Also recommending using a DNS server that points `*.yourdomain` do your reverse proxy's IP. That way requests skip going outside your network and helps for ISPs that don't work with "loopback" DNS (quotes because I don't know the proper term)

You can then set your DNS in Tailscale to that machines tailnet IP and access your servers when away without having to open any ports.

And bonus, if it's pihole for dns you now get network-level Adblock both in and outside the home.


Personally I'm using haproxy for this purpose, with Lego to generate wildcard SSL certs using DNS validation on a public domain, then running coredns configured in the tailnet DNS resolvers to serve A records for internal names on a subdomain of the public one.

I've found this to work quite well, and the SSL whilst somewhat meaningless from a security pov since the traffic was already encrypted by wire guard, makes the web browser happy so still worthwhile.


This worked for me to get subdomains and TLS certificates working on a similar setup: https://blog.mni.li/posts/internal-tls-with-caddy/

Caddy is increasingly popular these days too. I use both and cannot decide which I prefer.

Caddy's configuration is so simple and straightforward, I love it. For sure a more comfortable experience for simple setups

I like Caddy's integration with Cloudflare for handling SSL and when I originally saw the idea it was promoted as an easy way to have SSL for a homely but I don't use real domains for my internal apps and that is required with Cloudflare.

caddy has tailscale integration i think too, so your foo.bar.ts.net “just works”

The pain I've had with it is distributed configuration, i.e. multiple projects that want to config rules. I've been using the JSON API rather than their DSL.

Do you know how I might approach this better?


I think most homelabbers default to Caddy and/or Traefik these days. Nginx is still around with projects like NPM (the other NPM), but Caddy and Traefik are far more capable.

DevOpsToolbox did a great video on many of the reasons why Caddy is so great (including performance) [0]. I think the only downside with Caddy right now is still how plugins work. Beyond that, however it's either Caddy or Traefik depending on my use case.

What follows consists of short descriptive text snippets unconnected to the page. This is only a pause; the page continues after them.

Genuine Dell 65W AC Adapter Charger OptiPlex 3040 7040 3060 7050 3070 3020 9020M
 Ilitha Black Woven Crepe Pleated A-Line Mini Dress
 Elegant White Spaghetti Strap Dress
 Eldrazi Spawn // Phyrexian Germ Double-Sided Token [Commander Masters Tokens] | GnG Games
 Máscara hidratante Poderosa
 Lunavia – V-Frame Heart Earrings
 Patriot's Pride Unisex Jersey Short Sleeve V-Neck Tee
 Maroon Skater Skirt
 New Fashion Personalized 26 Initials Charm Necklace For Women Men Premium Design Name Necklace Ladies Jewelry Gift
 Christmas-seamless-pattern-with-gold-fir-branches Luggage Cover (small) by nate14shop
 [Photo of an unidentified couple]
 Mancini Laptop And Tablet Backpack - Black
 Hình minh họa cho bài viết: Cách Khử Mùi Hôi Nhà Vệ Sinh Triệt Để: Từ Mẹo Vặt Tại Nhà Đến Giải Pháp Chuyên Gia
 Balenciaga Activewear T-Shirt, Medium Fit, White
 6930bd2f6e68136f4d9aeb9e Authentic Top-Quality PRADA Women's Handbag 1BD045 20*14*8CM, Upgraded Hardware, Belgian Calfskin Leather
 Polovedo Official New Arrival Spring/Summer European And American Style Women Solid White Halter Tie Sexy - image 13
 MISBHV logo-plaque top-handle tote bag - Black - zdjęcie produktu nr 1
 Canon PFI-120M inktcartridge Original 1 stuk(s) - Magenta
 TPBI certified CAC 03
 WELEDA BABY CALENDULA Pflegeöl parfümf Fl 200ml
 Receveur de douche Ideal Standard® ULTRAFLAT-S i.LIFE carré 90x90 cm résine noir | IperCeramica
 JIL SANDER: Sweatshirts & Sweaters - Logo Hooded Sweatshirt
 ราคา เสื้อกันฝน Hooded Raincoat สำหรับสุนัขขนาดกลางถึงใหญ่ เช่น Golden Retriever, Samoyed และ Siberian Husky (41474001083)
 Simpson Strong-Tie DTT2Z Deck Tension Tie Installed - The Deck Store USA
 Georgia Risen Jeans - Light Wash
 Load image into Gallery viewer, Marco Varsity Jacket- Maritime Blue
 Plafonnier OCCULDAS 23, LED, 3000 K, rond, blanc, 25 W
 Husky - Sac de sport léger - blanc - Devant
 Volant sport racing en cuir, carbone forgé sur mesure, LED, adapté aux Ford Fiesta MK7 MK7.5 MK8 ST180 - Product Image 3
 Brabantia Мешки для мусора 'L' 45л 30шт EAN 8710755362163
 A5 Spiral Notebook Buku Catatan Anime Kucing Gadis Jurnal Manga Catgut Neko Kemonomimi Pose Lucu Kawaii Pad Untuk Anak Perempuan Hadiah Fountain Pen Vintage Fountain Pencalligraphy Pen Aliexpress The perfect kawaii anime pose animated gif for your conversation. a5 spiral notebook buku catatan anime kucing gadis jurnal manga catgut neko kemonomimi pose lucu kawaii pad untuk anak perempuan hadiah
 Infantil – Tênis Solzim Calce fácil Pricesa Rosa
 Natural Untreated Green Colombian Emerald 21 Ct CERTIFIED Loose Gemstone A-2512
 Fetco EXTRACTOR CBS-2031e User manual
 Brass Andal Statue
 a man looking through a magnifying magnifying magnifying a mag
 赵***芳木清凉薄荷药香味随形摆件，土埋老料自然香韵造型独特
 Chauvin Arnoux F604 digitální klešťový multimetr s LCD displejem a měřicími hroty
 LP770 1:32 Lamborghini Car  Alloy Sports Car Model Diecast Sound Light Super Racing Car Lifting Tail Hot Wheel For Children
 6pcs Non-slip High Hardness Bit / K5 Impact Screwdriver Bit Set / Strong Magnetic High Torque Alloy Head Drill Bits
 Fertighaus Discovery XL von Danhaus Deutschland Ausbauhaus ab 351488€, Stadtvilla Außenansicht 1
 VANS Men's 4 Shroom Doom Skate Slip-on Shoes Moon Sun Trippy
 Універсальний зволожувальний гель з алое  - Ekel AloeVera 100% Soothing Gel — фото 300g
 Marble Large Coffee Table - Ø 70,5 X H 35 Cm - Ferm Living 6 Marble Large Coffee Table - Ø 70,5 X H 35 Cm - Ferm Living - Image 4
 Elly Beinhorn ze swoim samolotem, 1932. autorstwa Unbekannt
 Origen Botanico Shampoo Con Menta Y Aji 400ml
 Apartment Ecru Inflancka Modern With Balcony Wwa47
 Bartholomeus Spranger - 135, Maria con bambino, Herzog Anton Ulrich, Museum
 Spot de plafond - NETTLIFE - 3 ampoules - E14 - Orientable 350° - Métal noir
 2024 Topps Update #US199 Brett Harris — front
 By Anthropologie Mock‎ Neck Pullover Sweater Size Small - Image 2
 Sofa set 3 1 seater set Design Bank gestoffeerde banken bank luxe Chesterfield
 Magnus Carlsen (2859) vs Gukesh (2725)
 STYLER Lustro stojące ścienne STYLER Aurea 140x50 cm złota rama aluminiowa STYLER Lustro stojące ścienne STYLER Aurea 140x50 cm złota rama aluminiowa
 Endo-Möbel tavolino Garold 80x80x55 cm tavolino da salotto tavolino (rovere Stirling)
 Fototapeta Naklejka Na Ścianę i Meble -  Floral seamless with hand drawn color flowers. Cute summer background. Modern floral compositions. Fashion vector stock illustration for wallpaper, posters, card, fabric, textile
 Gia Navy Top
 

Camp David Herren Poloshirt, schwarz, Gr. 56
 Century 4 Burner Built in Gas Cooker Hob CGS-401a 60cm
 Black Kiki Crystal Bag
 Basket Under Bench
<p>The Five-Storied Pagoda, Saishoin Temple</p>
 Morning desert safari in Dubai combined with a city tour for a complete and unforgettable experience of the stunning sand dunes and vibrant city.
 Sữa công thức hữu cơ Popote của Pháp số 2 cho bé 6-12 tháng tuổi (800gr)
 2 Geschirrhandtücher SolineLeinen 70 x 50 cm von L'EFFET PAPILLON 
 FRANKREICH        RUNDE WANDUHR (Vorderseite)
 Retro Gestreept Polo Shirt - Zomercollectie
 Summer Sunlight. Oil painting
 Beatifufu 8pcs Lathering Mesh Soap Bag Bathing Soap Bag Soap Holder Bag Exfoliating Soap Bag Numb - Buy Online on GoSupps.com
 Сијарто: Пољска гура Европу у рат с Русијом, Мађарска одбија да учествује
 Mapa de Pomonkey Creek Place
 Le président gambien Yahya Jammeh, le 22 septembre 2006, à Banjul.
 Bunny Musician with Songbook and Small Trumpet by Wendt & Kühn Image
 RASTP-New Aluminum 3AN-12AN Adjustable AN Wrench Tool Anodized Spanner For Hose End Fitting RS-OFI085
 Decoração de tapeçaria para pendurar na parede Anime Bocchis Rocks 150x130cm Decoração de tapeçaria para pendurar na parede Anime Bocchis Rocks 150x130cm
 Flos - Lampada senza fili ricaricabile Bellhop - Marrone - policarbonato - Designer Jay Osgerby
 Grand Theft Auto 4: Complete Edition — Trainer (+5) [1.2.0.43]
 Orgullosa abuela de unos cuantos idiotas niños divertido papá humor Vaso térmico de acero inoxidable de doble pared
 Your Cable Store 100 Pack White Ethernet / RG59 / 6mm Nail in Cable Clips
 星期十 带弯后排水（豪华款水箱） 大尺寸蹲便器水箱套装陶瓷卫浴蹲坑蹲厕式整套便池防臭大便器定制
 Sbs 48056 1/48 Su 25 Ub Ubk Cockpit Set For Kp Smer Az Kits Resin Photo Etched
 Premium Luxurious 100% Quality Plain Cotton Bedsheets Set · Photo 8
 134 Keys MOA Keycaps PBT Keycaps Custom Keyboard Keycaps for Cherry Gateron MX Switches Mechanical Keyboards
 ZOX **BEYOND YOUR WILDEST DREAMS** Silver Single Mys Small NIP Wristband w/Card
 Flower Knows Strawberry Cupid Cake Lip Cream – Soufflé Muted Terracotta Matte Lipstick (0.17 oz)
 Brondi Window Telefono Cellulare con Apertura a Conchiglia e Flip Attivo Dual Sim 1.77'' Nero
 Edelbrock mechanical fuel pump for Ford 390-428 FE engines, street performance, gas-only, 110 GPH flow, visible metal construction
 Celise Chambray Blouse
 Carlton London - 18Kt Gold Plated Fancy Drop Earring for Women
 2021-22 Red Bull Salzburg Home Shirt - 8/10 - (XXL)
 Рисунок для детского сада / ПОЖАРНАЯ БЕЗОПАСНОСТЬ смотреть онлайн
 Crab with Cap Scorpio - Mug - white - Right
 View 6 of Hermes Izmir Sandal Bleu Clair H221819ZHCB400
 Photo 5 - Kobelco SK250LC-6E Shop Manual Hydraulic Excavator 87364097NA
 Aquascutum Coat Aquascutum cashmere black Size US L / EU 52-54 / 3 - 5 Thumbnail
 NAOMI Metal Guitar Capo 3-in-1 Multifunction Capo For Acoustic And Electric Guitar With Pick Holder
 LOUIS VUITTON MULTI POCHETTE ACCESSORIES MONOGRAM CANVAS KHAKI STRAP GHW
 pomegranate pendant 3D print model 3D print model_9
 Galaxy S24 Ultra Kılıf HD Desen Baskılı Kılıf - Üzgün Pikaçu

Traefik is so easy to plug in and forget about and Caddy just has a ton of flexibility and ease of setup for quick solutions.

[0] https://www.youtube.com/watch?v=Inu5VhrO1rE


far more capable is an exaggeration

I use both, they are by and large substitutable. Nginx has a much larger knowledge base and ecosystem, the main reason I stick with it.


I agree with you that they're more or less equal. I don't like the idea of my reverse proxy dealing with letsencrypt for me, personally, but that's just a preference.

One tricky thing about nginx though, from the "If is evil" nginx wiki [0]:

> The if directive is part of the rewrite module which evaluates instructions imperatively. On the other hand, NGINX configuration in general is declarative. At some point due to user demand, an attempt was made to enable some non-rewrite directives inside if, and this led to the situation we have now.

I use nginx for homelab things because my use-cases are simple, but I've run into issues at work with nginx in the past because of the above.

[0] https://nginx-wiki.getpagespeed.com/config/if-is-evil


I'm not sure why Apache is so unpopular, it can also function as a reverse proxy and doesn't have the weird configuration issues nginx has.

Some people take this way too far, for instance I've send places compiling (end of life) modsec support into nginx instead of using the webserver it was built for


Just as one small example: if you're deploying in k8s and want the configuration external to Nginx, you want built in certificate provisioning and you need to run midleware that can easily be routed in-config...

Traefik is far more capable, for example. If all you're doing is serving pages, sure.


The part you are leaving out is that you also need to set up something like a pihole (which you can just run in a container on the homelab rather than on a pi) to do the local DNS resolution.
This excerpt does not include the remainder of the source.